2022年6月から日本でも広告事業(パートナー企業からの広告をPinterest内に表示)をスタートさせた「Pinterest(ピンタレスト)」。写真や動画を共有できるサービスとしてInstagramなどと並べられることも多いが、同社CRO(Chief Revenue Officer/最高収益責任者)のビル・ワトキンス氏は、他のソーシャルメディアとは異なるユニークなポジションのサービスであり、かつブランドにとってポジティブで安全なプラットフォームだと強調する。
広告媒体として見たとき、Pinterestはどのような特徴を持つサービスなのか。日本でのビジネスの進捗やマーケットへの期待をワトキンス氏に聞いた。
最高収益責任者(CRO)のビル・ワトキンス氏
――改めて、Pinterestとはどのようなサービスなのでしょうか?
Pinterestは人々がインスピレーションを得るために訪れる場所です。本当に欲しいものを見つけて、買い物をするために訪れる場所でもあります。私は約10年この会社にいますが、この2つの軸はずっとぶれることがありません。
私たちがPinnerと呼んでいる月間アクティブユーザーは、すでに世界で4億人を超えています。彼らは今日の夕食や、明日オフィスに着ていく服といった、毎日の暮らしに関わるものから、子供が生まれる、家を建てるといった人生の大切な瞬間に必要なもの、あるいは次の旅先のアイデアといったものまで、様々なインスピレーションを求めて、日々Pinterestを訪れています。フード、ファッション、ホーム、ビューティー、トラベルは特に人気のカテゴリーで、PinnerはPinterestにある多くのイメージからインスピレーションを得て、また欲しいものを見つけて買い物を楽しんでいます。

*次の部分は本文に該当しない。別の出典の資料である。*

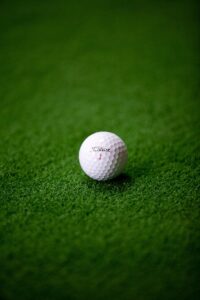 ゴルフ初心者がスコア改善のために試すべき練習方法は？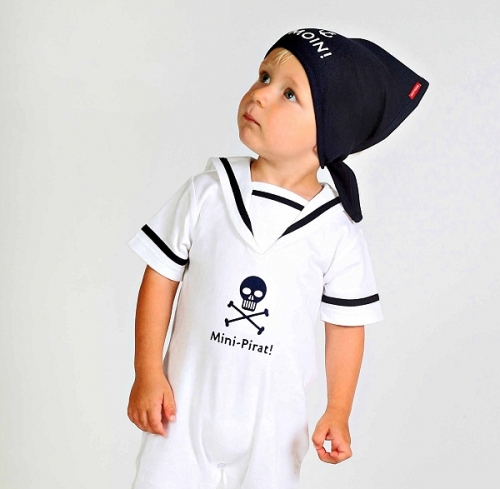 Preview: Babygeschenke Taufgeschenke für Jungen Matrosenanzug und Piratentuch - Moin - Mini-Pirat - inklusive Geschenkverpackung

――2022年には日本でも広告事業が始まりました。なぜこのタイミングだったのでしょうか?
まず事業を始めた背景として、私たちは長年にわたって日本でのユーザー体験をより良いものにし、エンゲージメントを築けるように取り組んできました。小規模ではありますが日本にチームを置き、日本のPinnerのためにコンテンツのローカライズに注力してきました。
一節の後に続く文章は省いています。